このようにすることで、この部品を使う人へ必要な操作のみを公開し、内部の詳細なつくりについては非公開にしているのです(非公開にすることを隠蔽するともいいます)。
こうすることで、この部品を使う人は必要な操作のみ知ればよく、内部の詳細なつくりを気にする必要はありません。
加えて、想定外の使われ方をされることも防げるのです。
以下のようなイメージです。
このように、部品をブラックボックス化し、必要な操作のみ外部へ公開するという考え方を「カプセル化」といいます。
カプセル化により、部品の再利用しやすくなります。
カプセル化されているものは、実は我々の身の回りにもあります。
例えば、エアコンを操作するリモコンは、以下のようにカプセル化されていると考えられます。

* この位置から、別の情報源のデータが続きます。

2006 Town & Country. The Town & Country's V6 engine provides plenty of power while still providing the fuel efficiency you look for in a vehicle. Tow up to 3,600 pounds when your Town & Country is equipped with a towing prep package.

- 外部へ公開:暖房、冷房の切り替え、温度調整といった操作など
- 非公開:エアコン本体との通信、内部データ、電源の管理など
リモコンを操作する人は、通信など内部の詳細な仕組みを知らなくても使えます。誤って内部データを不正な値に書き換えて故障させてしまうといったこともありません。
Personクラスもリモコンも、同じカプセル化の考え方で設計しているのです。
フィールドは外部から勝手に値を変えられると不都合な事が多く、またカプセル化の基本的な考え方として、データは隠蔽して操作のみ公開するというものがあるためです。

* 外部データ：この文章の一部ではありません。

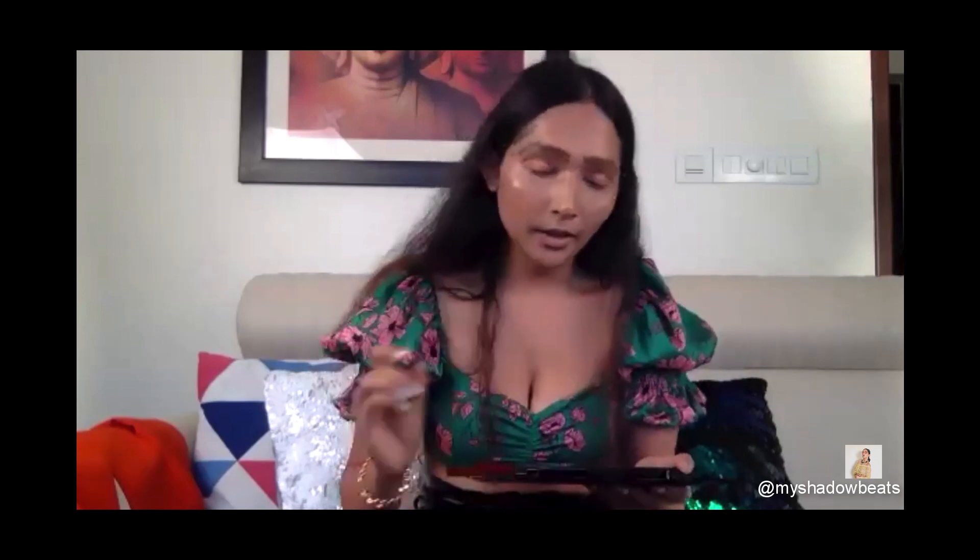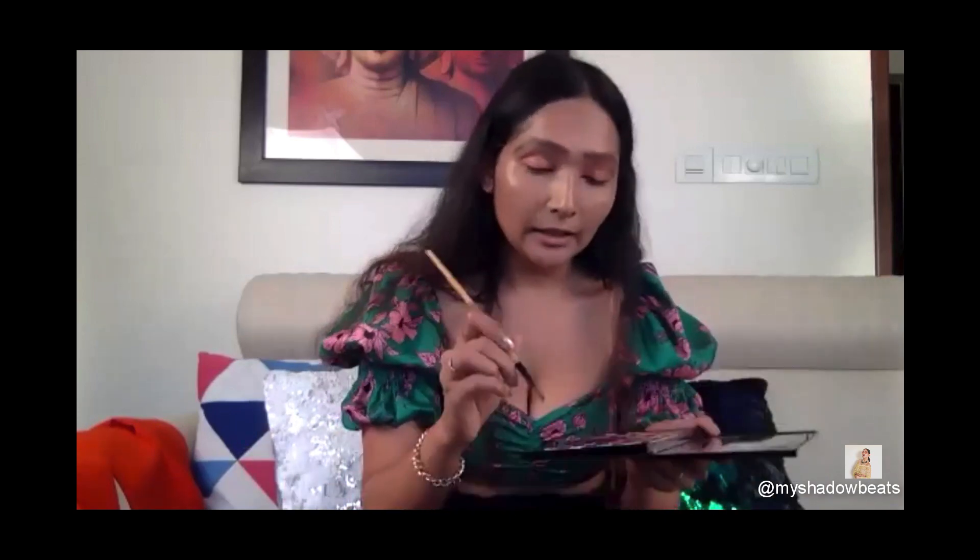Just dab — don't push it too hard, otherwise it won't give a good finish. I'm going to give a touch of green because I have green in my top, just at the outer corners to blend. A little bit of green on the lower lash line as well. Now blend the baking powder we applied before.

ただ、カプセル化の本質は「データは必ず隠蔽しよう」ではなく、「必要最低限のものだけ外部へ公開して残りは隠蔽する」という点です。
アクセス修飾子の種類については、この記事も参考にしてください。
よく使うアクセス修飾子は、private、public、あとはprotected、internalあたりです。
protectedについては、「継承」の話をするときに併せて説明します。
ポイント3:データに対する操作
データに対する操作を行うのがメソッドです。メソッドの定義方法と呼び出し方をそれぞれ説明します。
メソッド定義
クラスにおけるメソッドの定義方法についてみてきましょう。
基本的には、前回説明したメソッドの定義方法と大きくは変わらないのですが、以下の点が少し異なります。
- アクセス修飾子をつける
- メソッド内でフィールドを参照できる
1点目はポイント2で説明しました。2点目について、(d1)のReadFromConsoleを例にとり説明します。
//★(d1)外部公開する操作(メソッド)を定義
public void ReadFromConsole(string target)
{
…
name = Console.ReadLine();
…
age = Convert.ToInt32(Console.ReadLine());
}
メソッド内ではフィールドを参照できます。ここでは、name、ageフィールドへ代入を行っていますね。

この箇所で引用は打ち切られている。